18/19 April 1998


Caoimhghín Ó Caoláin TD

seconding the Emergency Motion on the Amsterdam Treaty

18 April, 1998

In seconding this motion I want first of all to echo the call made this week by our party President Gerry Adams for the referendum on the Amsterdam Treaty to be held separately from that on the talks outcome. It would be scandalous if the government sought to ensure the passage of this major change in Irish foreign policy and military neutrality by having debate on the issue totally eclipsed by what would be seen as the main referendum.

In this anniversary year of 1798 it is ironic that we are being asked by the government to dilute yet again the degree of sovereignty that we have managed to retain in the 26 Counties

It was Wolfe Tone who first made the case for an independent Irish foreign policy and this has been a principle of all the most progressive movements in Irish history. It is policy which the Irish people support overwhelmingly and that is why the government and those parties who want us to approve the Amsterdam Treaty are so anxious to convince the people that neutrality is not under threat.

For many years now the process of European Union integration has been steadily eroding our neutrality. At each stage successive governments have given a little more away. On the few occasions they have had to come to the people to approve their latest abandonment of our rights, they have assured us that nothing has really changed.

Over and over again in the course of the past few months we have been told that this Treaty does not effect Irish neutrality. But the wording of the Treaty could not be clearer and it is patently incompatible with Irish neutrality.

The Amsterdam Treaty reiterates the EU's ``common foreign and security policy'' and ``the progressive framing of a common defence policy.''

The Treaty states: ``The Western European Union (the European wing of NATO) is an integral part of the development of the Union providing the Union with access to an operational capability ... It supports the Union in framing the defence aspects of the common foreign and security policy as set out in this Article.

``The Union shall accordingly foster closer institutional relations with the WEU with a view to the possibility of the integration of the WEU into the Union, should the European Council so decide.''

The meaning of these clauses has been made clear by statements from some of the main players in the project for the creation of an EU superstate. Leo Tindermans of the EU Parliament's Foreign and Security Policy Committee told a group of TDs and Senators on 2 January 1998: ``You cannot have a European Common Foreign and Security Policy without a European Army.''

Martin Bangermann, an EU Commissioner, wrote in January of this year ``There is no alternative to a Federal State. European unification must be seen through to a successful conclusion.''

Neutrality is totally incompatible with the Declaration adopted at Amsterdam which commits the State to support the following:

``In the `Declaration on the Role of the Western European Union and its Relations with the European Union and with the Atlantic Alliance' (NATO) of 10 December 1991, WEU member States set as their objective `to build up WEU in stages as the defence component of the European Union'. They today reaffirm this aim as developed by the Amsterdam Treaty.''

As well as moving on the project for so-called `common defense' the Amsterdam Treaty significantly hardens the EU's common foreign policy. Thus the State will be obliged to abide by majority voting on foreign policy. An unelected EU official will be appointed High Representative for Common Foreign and Security Policy - in effect a Foreign Minister for the entire EU.

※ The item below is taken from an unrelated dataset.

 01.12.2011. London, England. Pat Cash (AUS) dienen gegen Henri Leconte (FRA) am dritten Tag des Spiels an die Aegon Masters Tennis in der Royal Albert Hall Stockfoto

The Irish government has also signed up to a paragraph of the Amsterdam Treaty which gets very little attention and says: ``The progressive framing of a common defence policy will be supported, as member states consider appropriate, by co-operation between them in the field of armaments.''

Isn't it ironic that while we are attempting to create a peace settlement in Ireland, to remove forever the gun from Irish politics, that the government is asking the people in this state to sign up to a Treaty that supports the European arms industries.

This part of the treaty points to the real agenda behind the drive to a common so-called defence policy.

In all the NATO and WEU countries there are military bereaucracies linked to arms industries for whom the end of the Cold War was very unwelcome indeed. Where now the excuse for the existence of this hugely profitable military-based industry ?

Instead of widespread nuclear disarmament, the wholesale reduction of armes and the convesion of arms industries, we have seen the nuclear infrastructure kept intact, the expansion of NATO and the WEU and an ever-growing arms industry fuelling wars throughout the world.

The Irish people do not want to be part of that and so we should reject the Amsterdam Treaty. We in Sinn Fein must urge the people to reject this amendment to the Constitution and urge the government to return to its EU partners and renegotiate the Amsterdam Treaty. They should also deliver the Constitutional referendum safeguarding neutrality which has been promised by two successive Ministers for Foreign Affairs, one of the Rainbow Government and that of the present Government.